ANTIGO E BOM EXEMPLO




ANTIGO E BOM EXEMPLO
Clerisvaldo B. Chagas, 9 de novembro de 2017
Escritor Símbolo do Sertão Alagoano
Crônica 1.777

PARQUE DA TIJUCA
O homem vai modificando as paisagens naturais do planeta por necessidade ou por espírito destrutivo. Mas também, em meio a essa loucura de destruição semeada em todos os recantos do Globo, surgem exemplos de superação que merecem registros. Um deles aconteceu há muito no Rio de Janeiro, quando o café começou a ser plantado em grande quantidade pelos arredores da Urbe, em 1760. Esse plantio era favorecido pelo clima quente e chuvoso e solos férteis. Logo essas plantações iniciaram à ocupação dos morros cariocas, em detrimento à floresta tropical, bela e exuberante.
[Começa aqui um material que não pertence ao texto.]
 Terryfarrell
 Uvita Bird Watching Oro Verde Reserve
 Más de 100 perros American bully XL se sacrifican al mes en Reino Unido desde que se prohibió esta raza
Já no século XIX, o café se tornou a principal atividade econômica do Brasil, coisa que exigia cada vez mais a expansão de terras e desmatamento da Mata Atlântica.
Com a extinção da floresta, logo surgiram às consequências.  Vários córregos que tinham origem nas matas, secaram, dificultando o abastecimento na cidade do Rio de Janeiro que crescia rapidamente. Foi aí que teve início um ousado plano de reflorestamento em 1861. Foram desapropriadas várias fazendas para o plantio de árvores nativas e até espécies exóticas, cujos cálculos vão a mais de 100 mil mudas, criando-se assim a floresta da Tijuca. Com essa reação consciente na segunda metade do século XIX, a floresta foi reconstituída e seus mananciais recuperados. É de se imaginar o esforço desprendido para a realização total do projeto, levando-se em conta os recursos tecnológicos da época.
“Já em 1961, cem anos depois do início do reflorestamento, a floresta da Tijuca foi transformada em parque nacional, juntamente com outras áreas adjacentes de mata preservadas”. Paisagens famosas no mundo inteiro estão no Parque Nacional da Tijuca, entre elas o Corcovado, onde se encontram a estátua do Cristo Redentor e a Pedra da Gávea. É uma das principais atrações turísticas do Rio de Janeiro, recebendo por ano, cerca de dois milhões de visitantes.
A floresta exerce importante papel na conservação de espécies da flora e da fauna e de oxigenação para a “Cidade Maravilhosa”.

Pense num exemplo!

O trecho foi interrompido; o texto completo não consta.